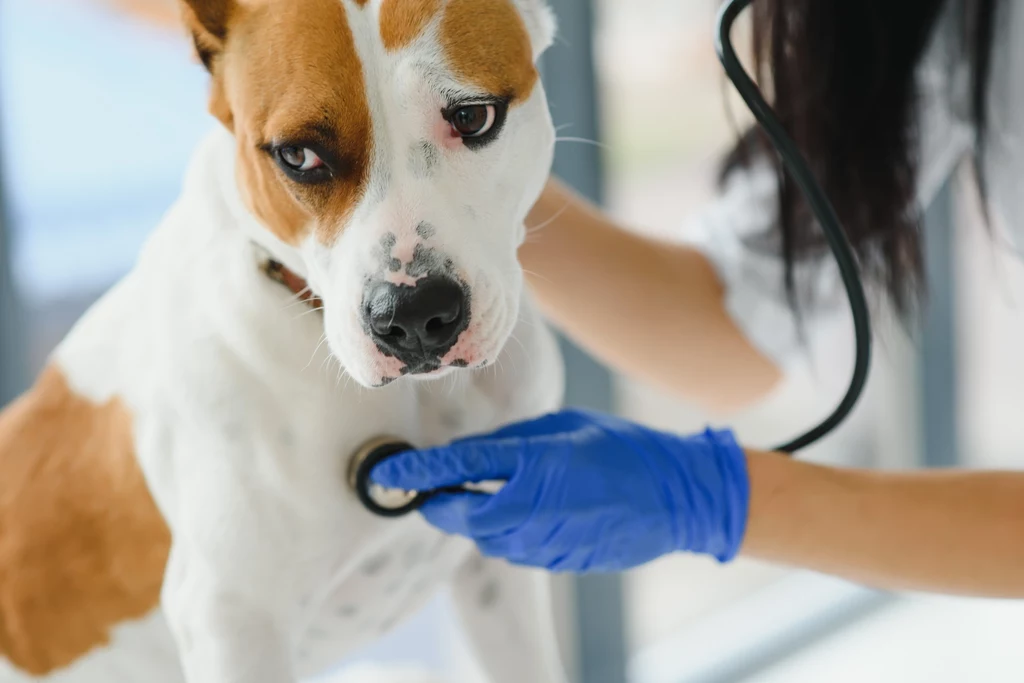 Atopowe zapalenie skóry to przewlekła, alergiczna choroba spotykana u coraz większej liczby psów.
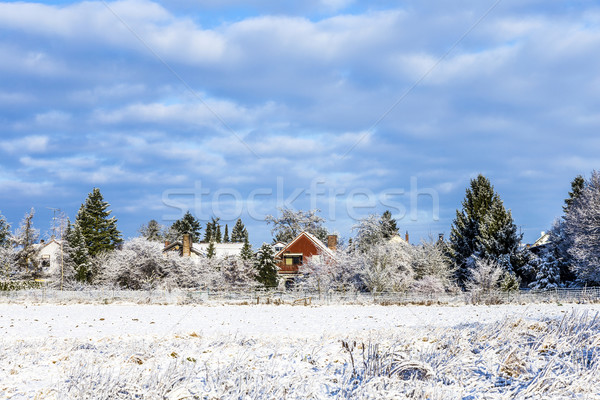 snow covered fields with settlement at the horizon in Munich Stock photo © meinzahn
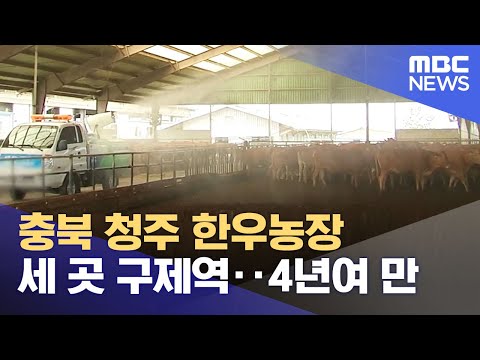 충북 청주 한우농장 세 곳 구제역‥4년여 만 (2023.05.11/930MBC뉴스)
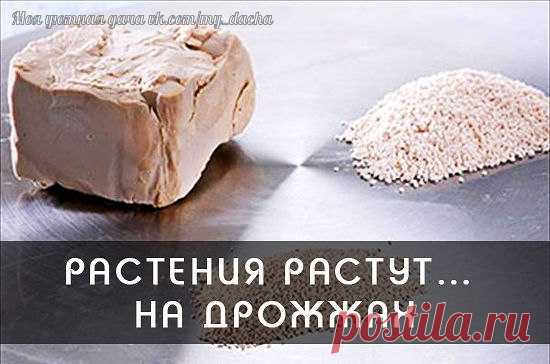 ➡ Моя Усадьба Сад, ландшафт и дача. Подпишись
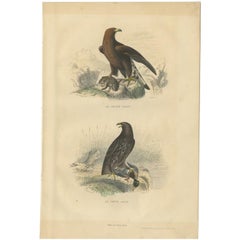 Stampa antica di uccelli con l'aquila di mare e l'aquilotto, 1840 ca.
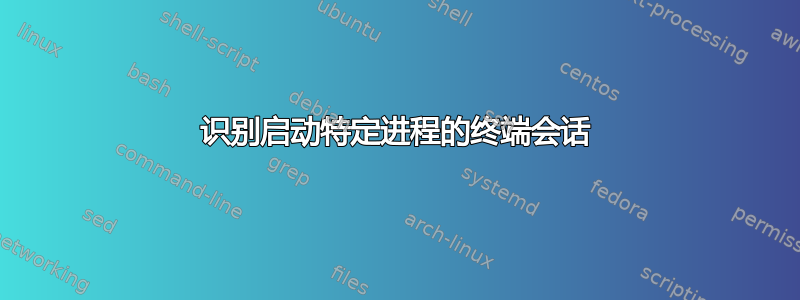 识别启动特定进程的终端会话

━━━━━━━━

▶ [EXERCISE BRIEF]: Reproduce each record from above exactly; pictures do not belong in the copy.

▶ [RESPONSE TO THE TASK]:
 Atopowe zapalenie skóry to przewlekła, alergiczna choroba spotykana u coraz większej liczby psów.
 snow covered fields with settlement at the horizon in Munich Stock photo © meinzahn
 충북 청주 한우농장 세 곳 구제역‥4년여 만 (2023.05.11/930MBC뉴스)
 ➡ Моя Усадьба Сад, ландшафт и дача. Подпишись
 Stampa antica di uccelli con l'aquila di mare e l'aquilotto, 1840 ca.
 识别启动特定进程的终端会话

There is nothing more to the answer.